*Recorded information*.

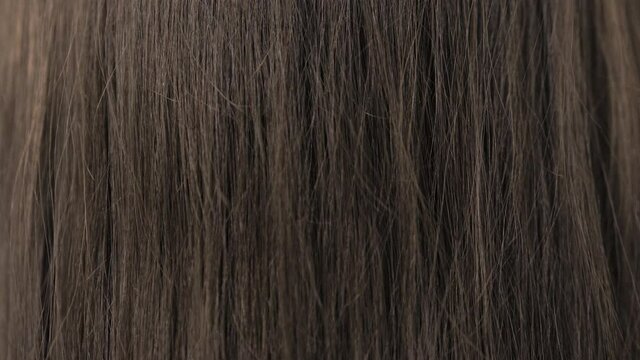 Demonstration of the brunette's hair before straightening it. Brittle tangled brunette hair. High quality 4k footage. Close-up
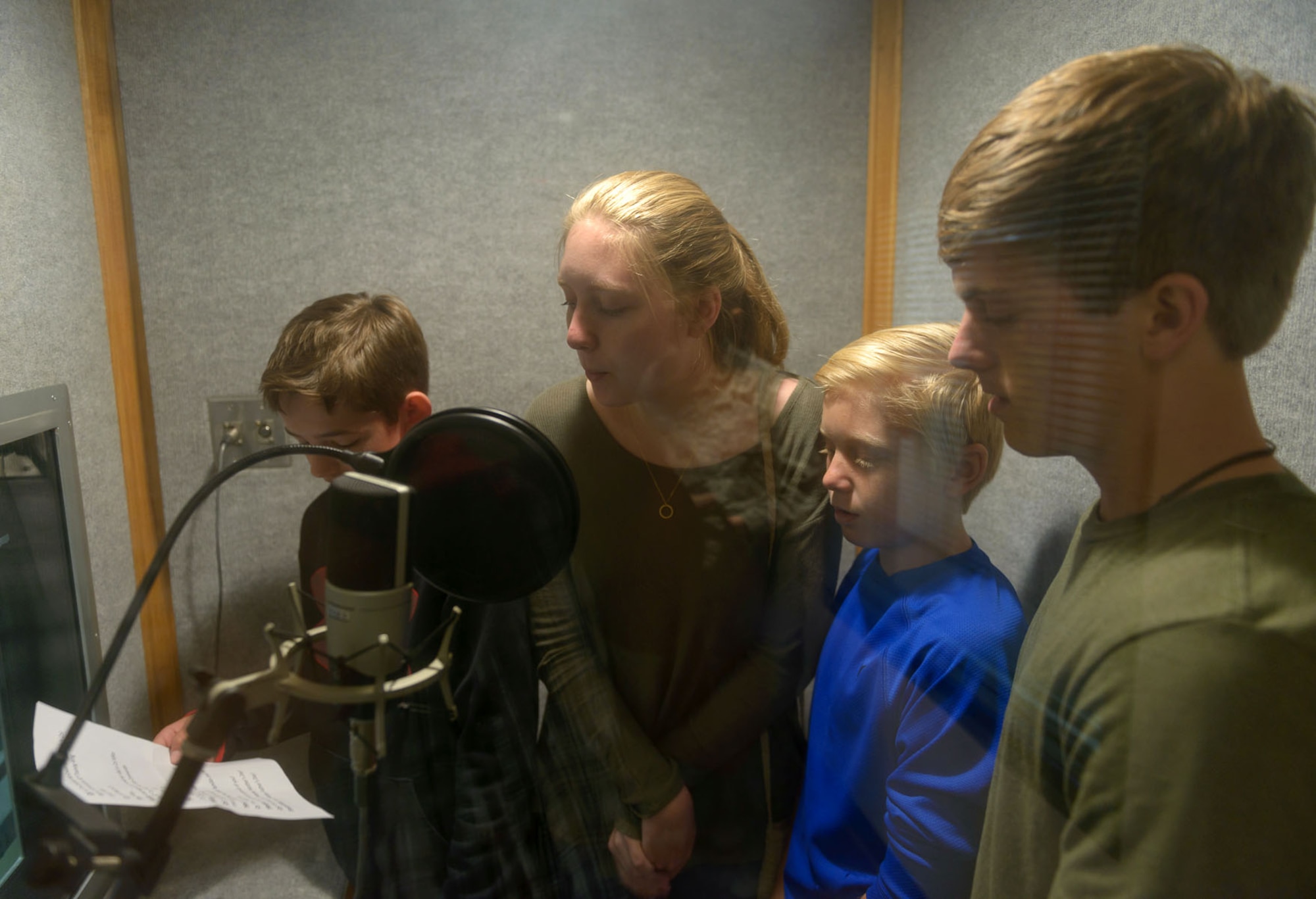 Children of 81st Training Wing leadership read a script inside the audio isolation booth at Wall Studio during Biloxi Career Exploration Day March 2, 2017, on Keesler Air Force Base, Miss. The children shadowed their parents and 81st TRW executive officers throughout the day to get a better understanding of what they do on a day-to-day basis to complete the Air Force mission. (U.S. Air Force photo by André Askew)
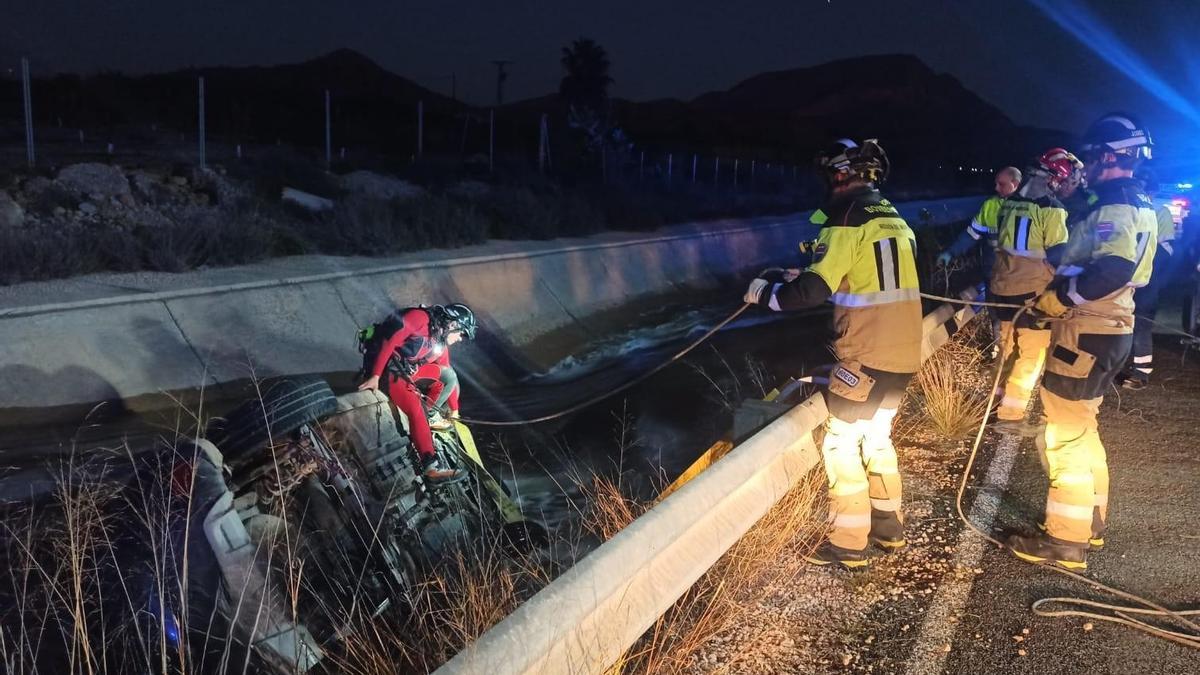 Los efectivos del servicio de emergencias rescatan el vehículo caído.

*Work to complete*. Would you please reproduce verbatim the run of lines that opens the listing and ends with the line holding "Children of 81st", and only that run, leaving every picture out?

*Result for this exercise*.
 Demonstration of the brunette's hair before straightening it. Brittle tangled brunette hair. High quality 4k footage. Close-up
 Children of 81st Training Wing leadership read a script inside the audio isolation booth at Wall Studio during Biloxi Career Exploration Day March 2, 2017, on Keesler Air Force Base, Miss. The children shadowed their parents and 81st TRW executive officers throughout the day to get a better understanding of what they do on a day-to-day basis to complete the Air Force mission. (U.S. Air Force photo by André Askew)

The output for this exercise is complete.